### WORK INSTRUCTIONS
Print again, word for word, all of the records below, and leave the pictures out.

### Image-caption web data
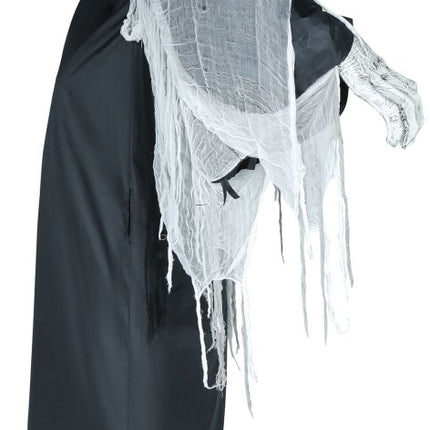 Halloween Hangdecoratie 3,6m - Partywinkel - 8434077249062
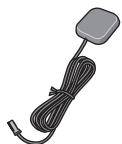 PIONEER AVIC-F910BT - Pezzi in dotazione - 1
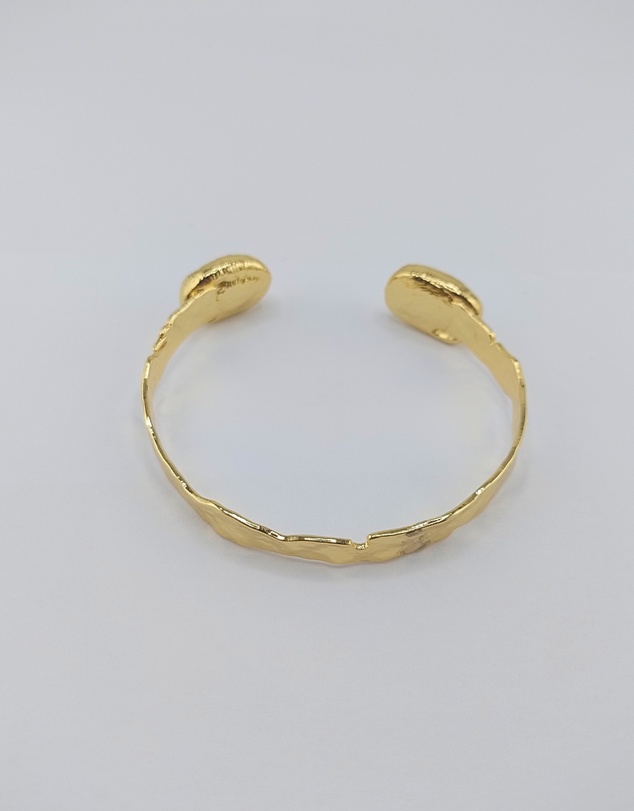 Miz Casa and Co - Aven Cuff Bracelet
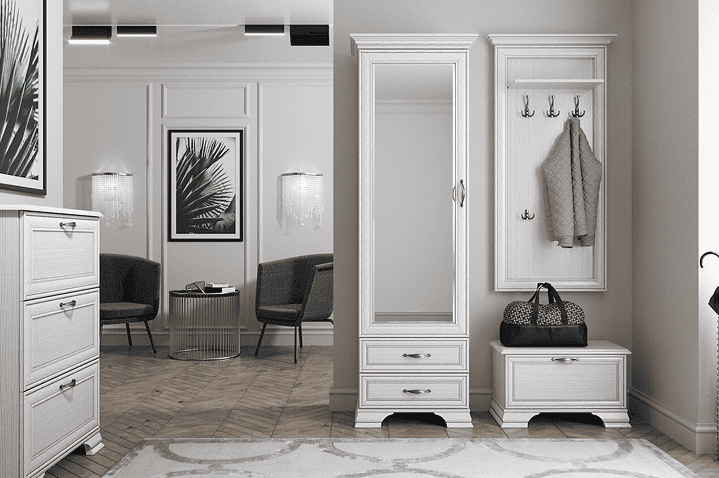 Коллекция Тиффани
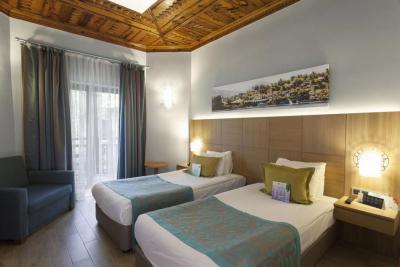 Club & Hotel Letoonia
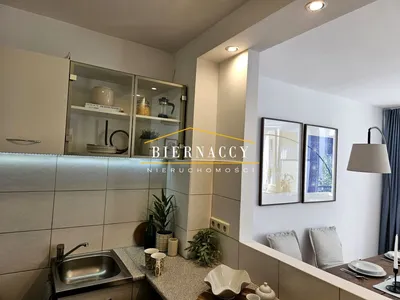 Wynajmę Mieszkanie Warszawa - 31 m² - miniatura 4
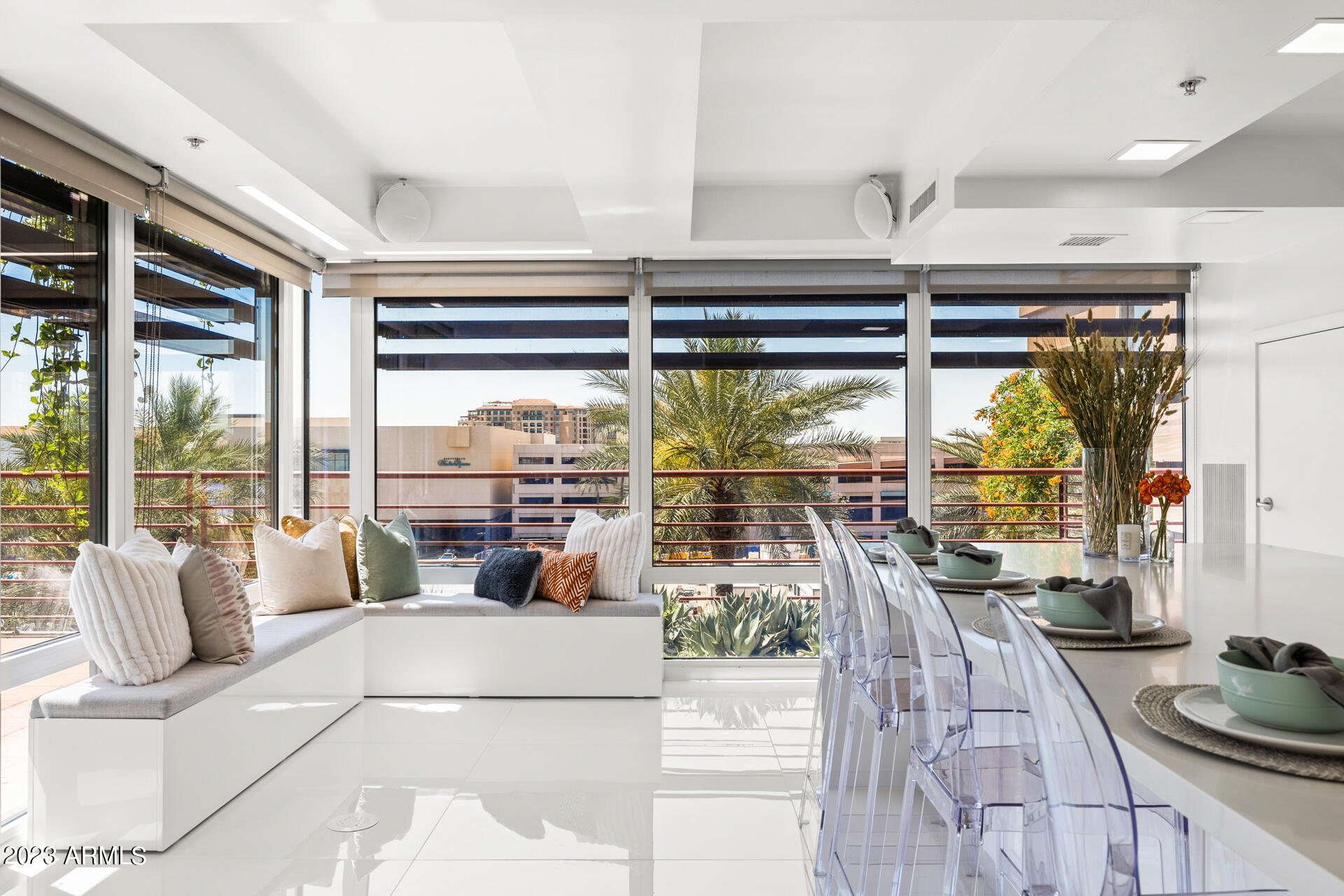 7137 E RANCHO VISTA Drive Unit: 5001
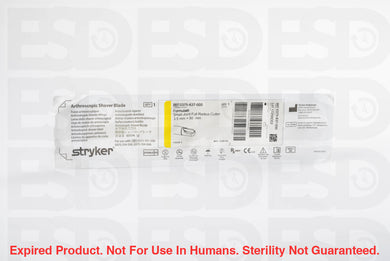 Stryker: 375-637-000-Each-Expired Expired
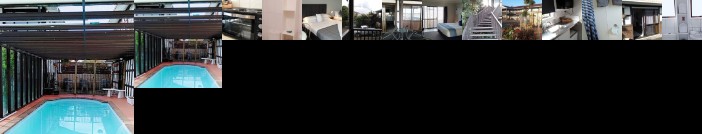 Albatross Motel Napier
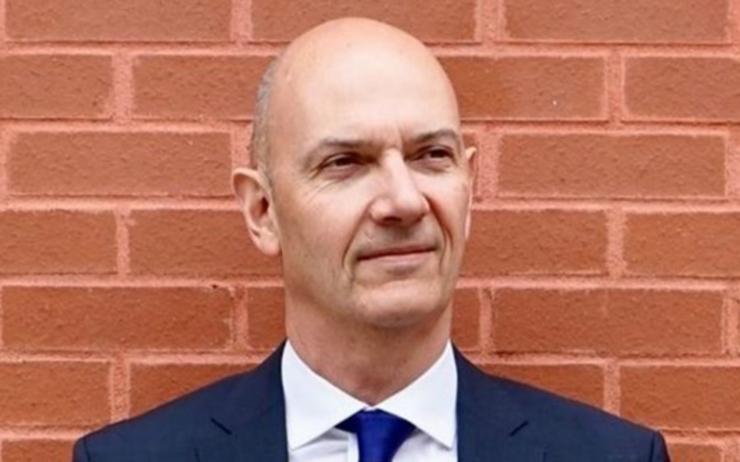 Vote par correspondance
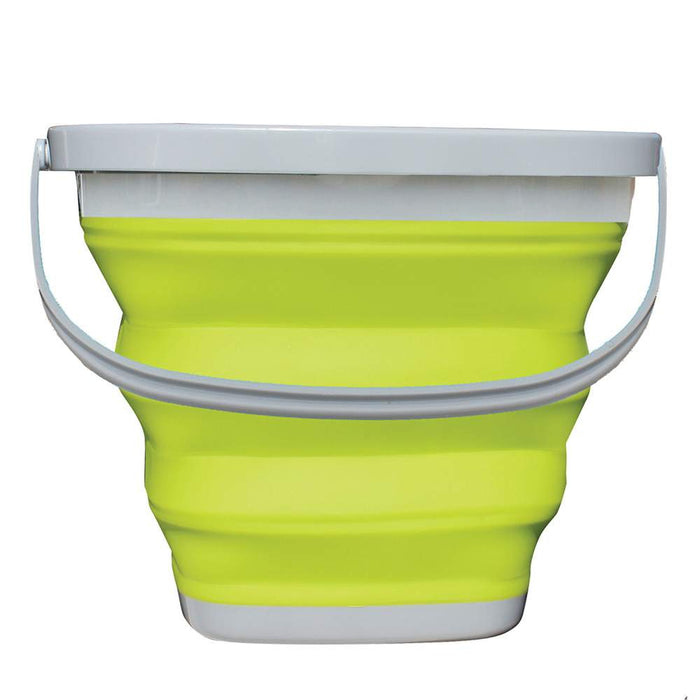 Professional's Tail Tamer Collapsible Bucket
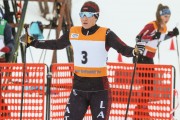 FIS Latvijas čempionāts 2019 pirmais posms, sprints C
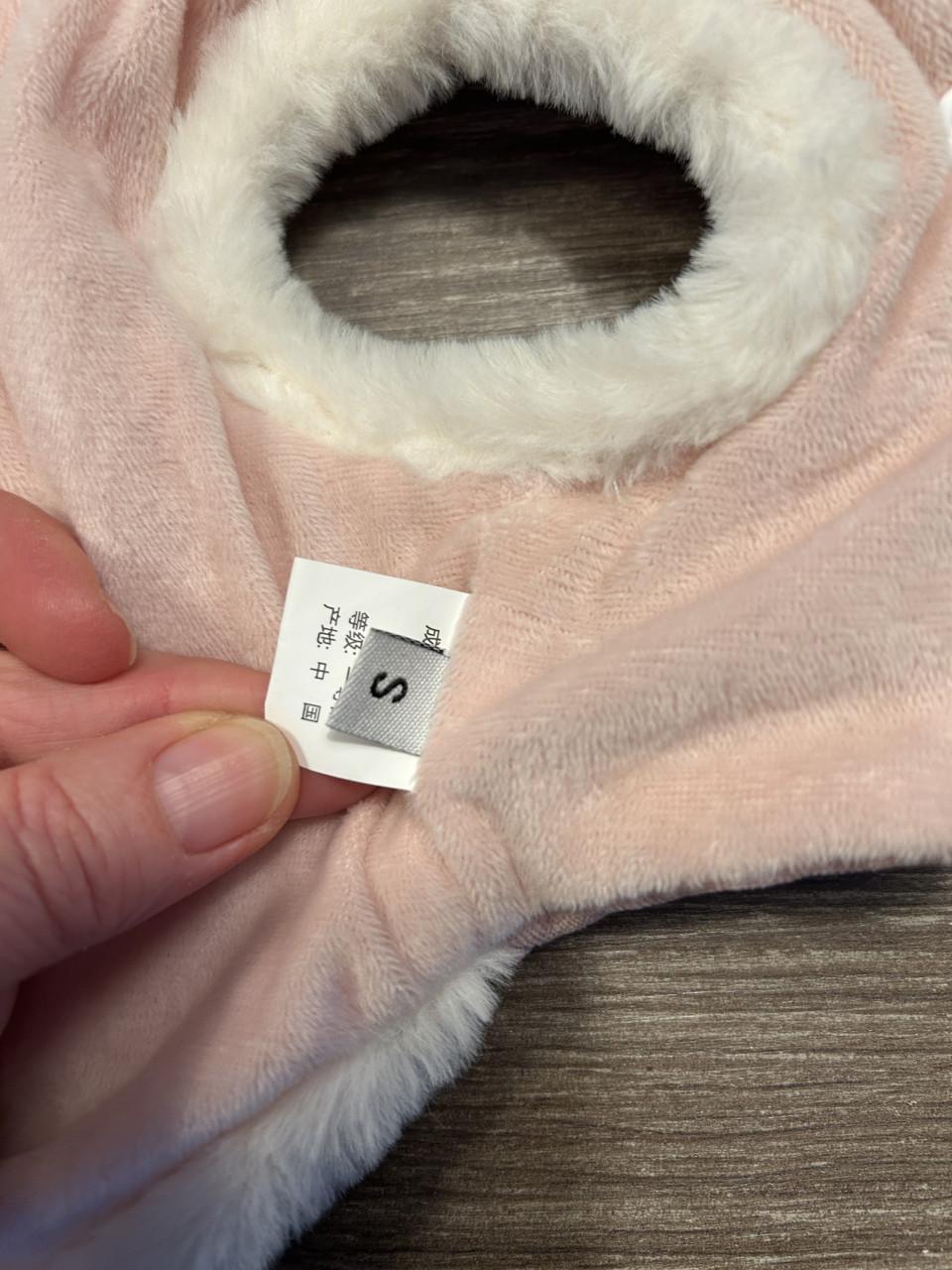 Diverse honden jasjes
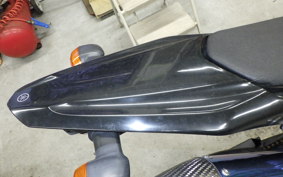 YAMAHA WR250X 2017 DG15J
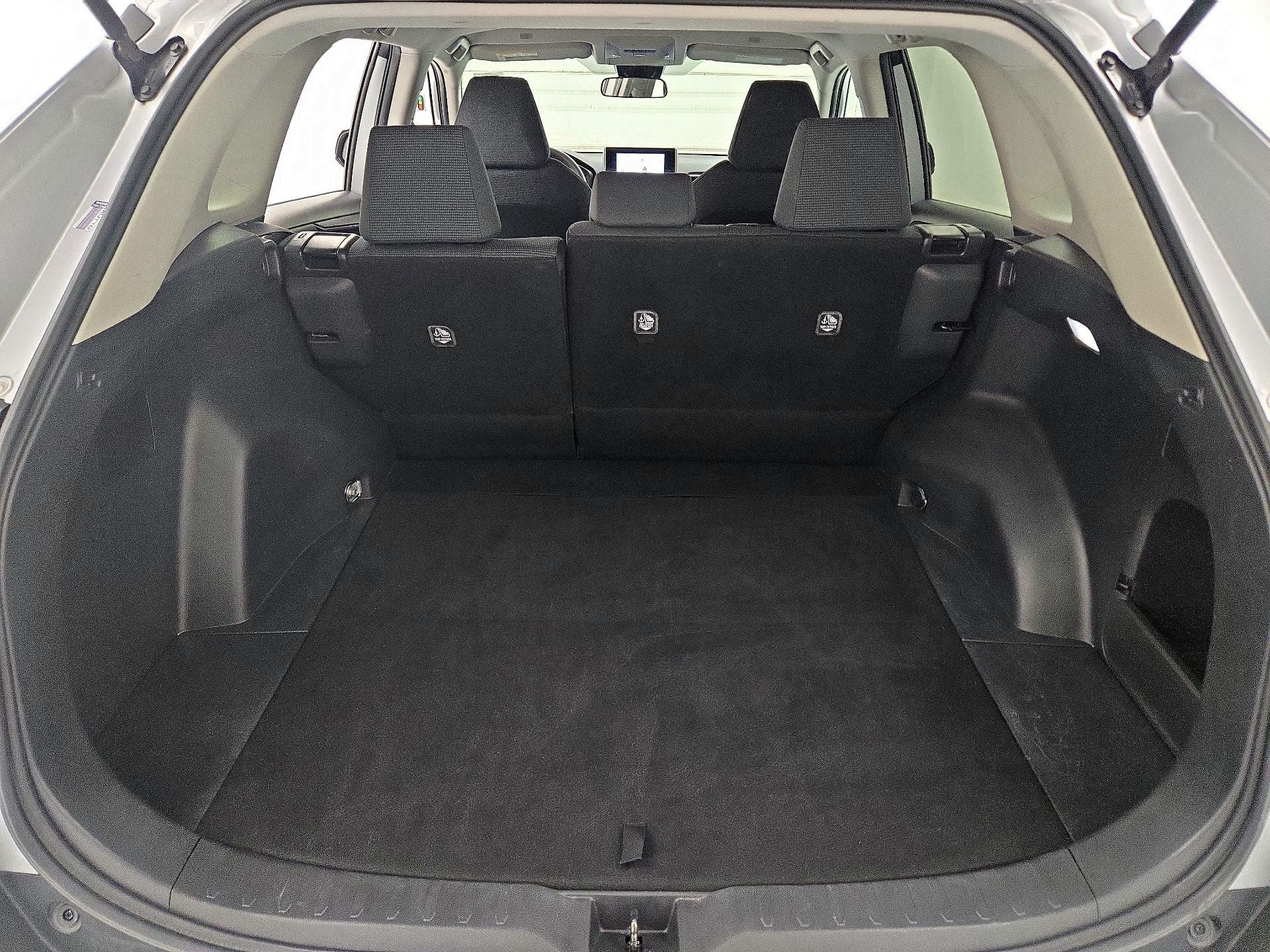 Thumbnail: 2024 Toyota RAV4 - 20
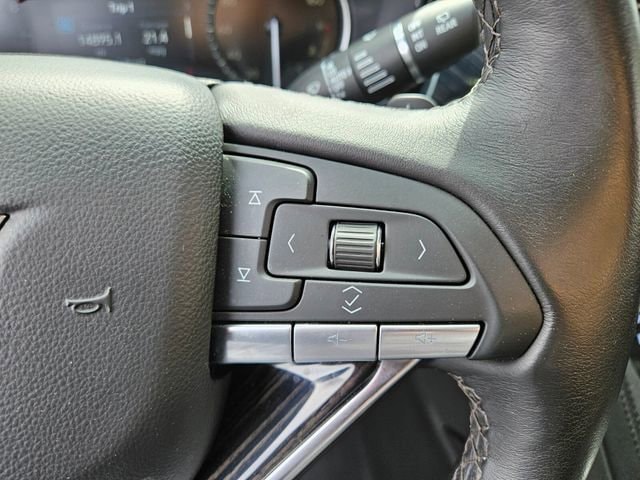 2025 Cadillac XT6 Premium Luxury - Photo 26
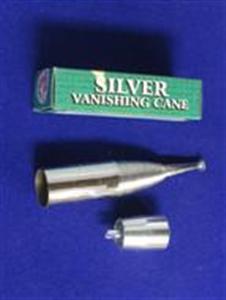 (image for) Vanishing Cane - Silver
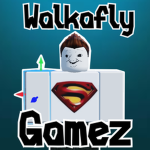 walkafly games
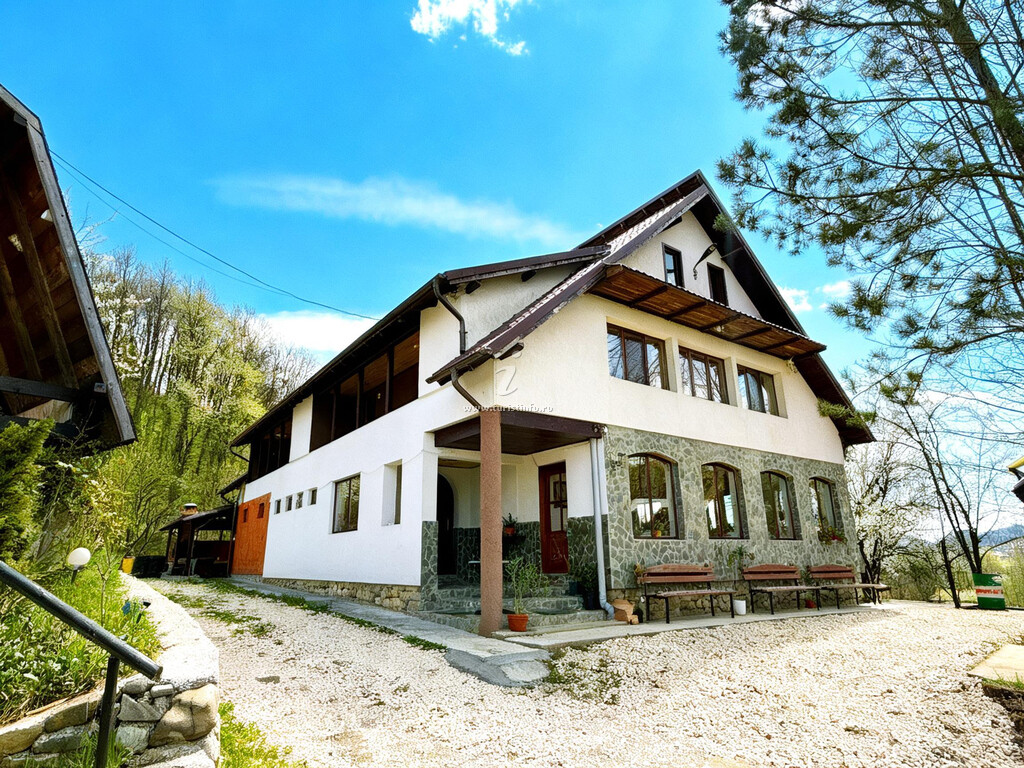 Casa Tâmplarului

### EXPECTED ANSWER
 Halloween Hangdecoratie 3,6m - Partywinkel - 8434077249062
 PIONEER AVIC-F910BT - Pezzi in dotazione - 1
 Miz Casa and Co - Aven Cuff Bracelet
 Коллекция Тиффани
 Club & Hotel Letoonia
 Wynajmę Mieszkanie Warszawa - 31 m² - miniatura 4
 7137 E RANCHO VISTA Drive Unit: 5001
 Stryker: 375-637-000-Each-Expired Expired
 Albatross Motel Napier
 Vote par correspondance
 Professional's Tail Tamer Collapsible Bucket
 FIS Latvijas čempionāts 2019 pirmais posms, sprints C
 Diverse honden jasjes
 YAMAHA WR250X 2017 DG15J
 Thumbnail: 2024 Toyota RAV4 - 20
 2025 Cadillac XT6 Premium Luxury - Photo 26
 (image for) Vanishing Cane - Silver
 walkafly games
 Casa Tâmplarului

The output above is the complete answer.